# Does Your Golden Drool?



## AquaClaraCanines (Mar 5, 2006)

I have never seen drool strings from either of my Goldens, but they both drip water when they drink, and they both pant a lot. I do think I will see some drool after running from Zander come summer! I have never been around him running hard in extreme heat.

The Whippets do not drip water when drinking, and they not pant unless outdoors in extreme heat or utterly exhausted from extreme activity. It took a while to get used to the sound of panting about the house when I first got a Golden! I can't say I'm crazy about it, and I tell them to "lie down" or "off" if they pant in my face or on the bed.

Over all in my experience, Goldens, except maybe some of the more extreme UK type ones, are not really bad droolers!


----------



## AquaClaraCanines (Mar 5, 2006)

PS Mine don't drool when they beg, oddly enough


----------



## RoxyNoodle (Nov 9, 2007)

She really drools when begging -which usually means a 'go to your bed' command so that she does it at a distance rather than on our shoes!

Sometimes when she's really running about she'll drool and then have a shake - which results in a think stream of drool wrapped round her muzzle. Yuck!


----------



## HovawartMom (Aug 10, 2006)

She is totally dry-mouthed and I LOVE it!.
i don't like droolers too much!.


----------



## GoldenJoyx'stwo (Feb 25, 2007)

Only Tucker drools. He only does this when he's waiting for a very good treat.


----------



## Phoebe (Feb 8, 2006)

Phoebe drools when she is waiting for her dinner. She's so cute, the tip of her tongue rolls out and quivers.

Jan, Seamus, Gracie, Phoebe & Duke


----------



## PeggyK (Apr 16, 2005)

We have "drool cloths" to wipe Coach's mouth!! We keep some in the car too. He is the worst-you would think he's part St Bernard.


----------



## Big Mamoo (Jul 4, 2007)

Lilla's not so bad but G-Dog is a sloppy drinker.


----------



## Bailey & Bentley (Feb 25, 2007)

Bailey doesn't drool at all, but Bentley will leave a lake on the floor after he drinks. It just poors out of his mouth. He also drools when he is watching me eat something. It is really bad, LOL.


----------



## Buffy & Abby's Mom (Nov 27, 2005)

Buffy never, ever drools. She's too much of a princess. Abby, however, drools a lake whenever she's really craving something that we're eating.


----------



## Emmysourgolden (Oct 10, 2007)

Emmy doesn't drool at all and I am very thankful!! My brother's lab "slime's you"! Emmy's too much of a girlie girl to drool. She thinks it's gross...LOL.


----------



## cubbysan (Mar 13, 2007)

Brady does not drool in the house except after drinking. 

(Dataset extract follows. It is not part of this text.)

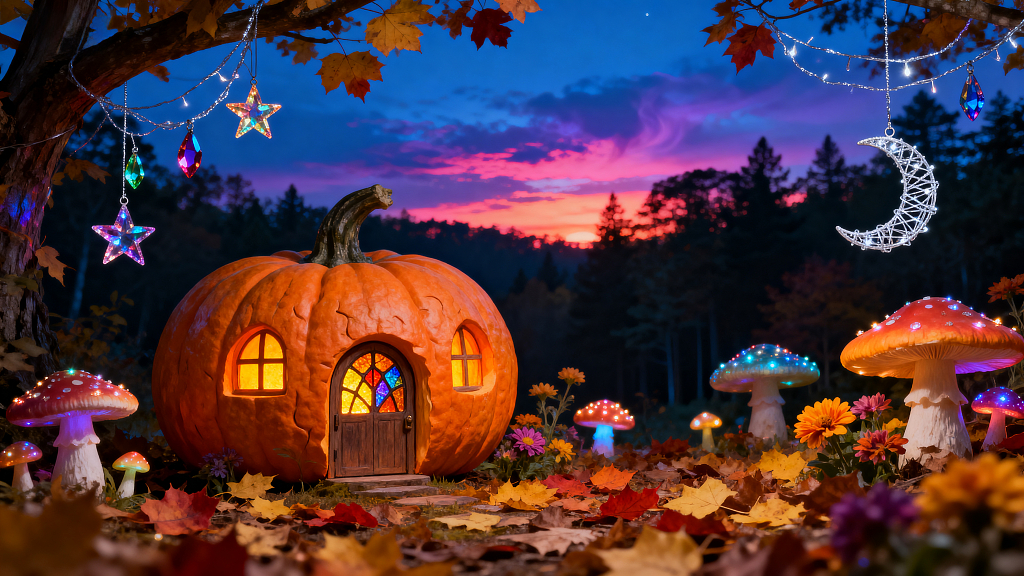 万圣节南瓜森林小屋设计素材节日海报万圣节海报南瓜屋素材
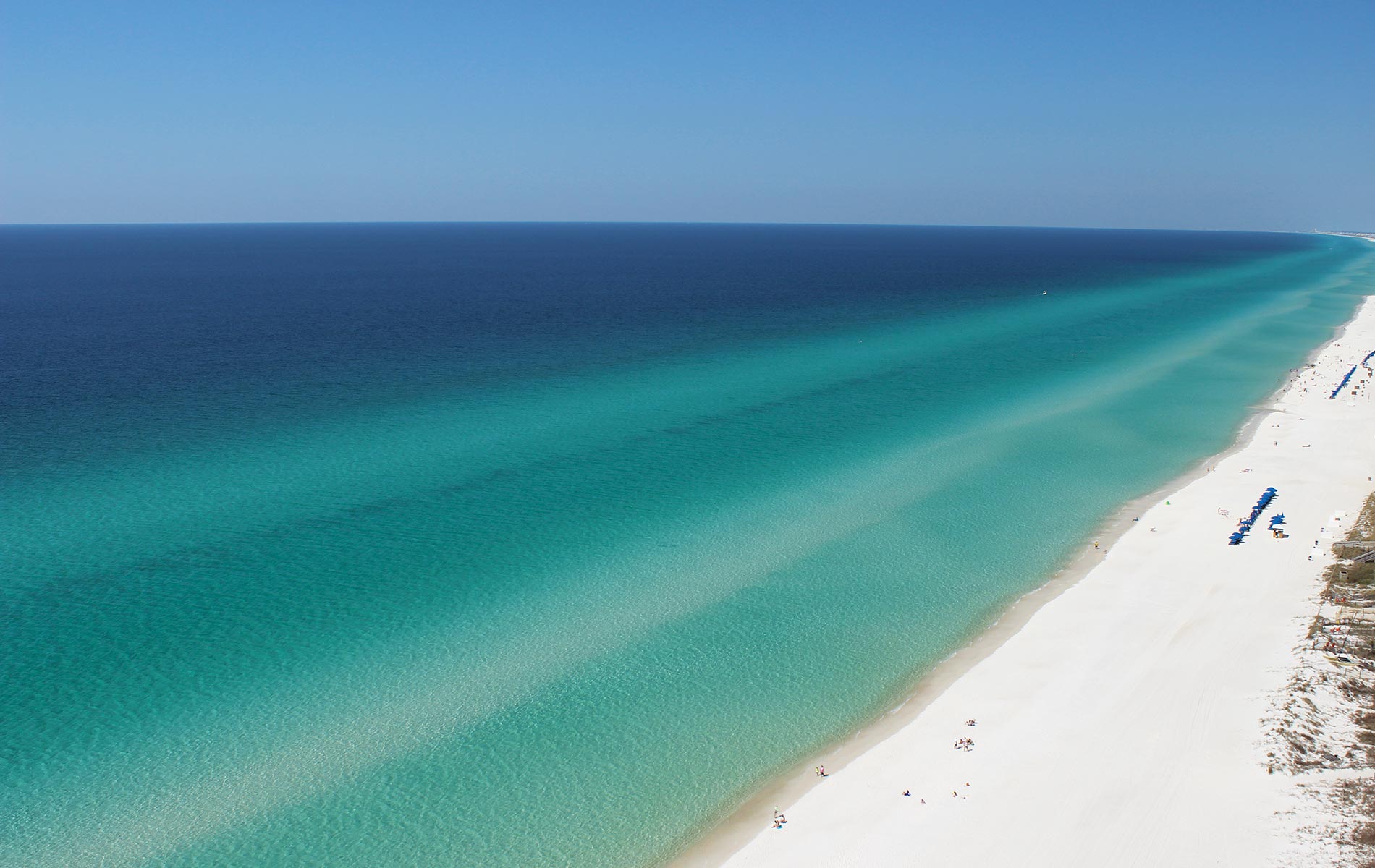 Aerial view of the pristine Gulf coast beaches in the panhandle of Florida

Going to class, is a whole different story. When he starts to sniff at the ground, and he gets all excited over the smells, he leaves puddles on the ground.


----------



## BeauShel (May 20, 2007)

Both of mine are droolers after drinking water especially Bamabear. And Beau drools when waiting for his snacks. But nothing really bad.


----------



## MySweetPhoebe (Jun 25, 2006)

Phoebe only drools when she drinks her water...she doesn't swallow the last gulp...also when she plays hard in the yard with Bo...Bo on the other hand is a big drooler with big jowls to go with his big head...he drools when waiting for a treat or his dinner or watching us eat something...or for no good reason at all...it is just there:yuck:...my husband thinks he is part St bernard...lol...we don't get the stringy stuff unless he is playing in the yard with Phoebe...just the drippy drops....don't even get me started on how he drinks his water:doh:...thank God I have hardwood floors.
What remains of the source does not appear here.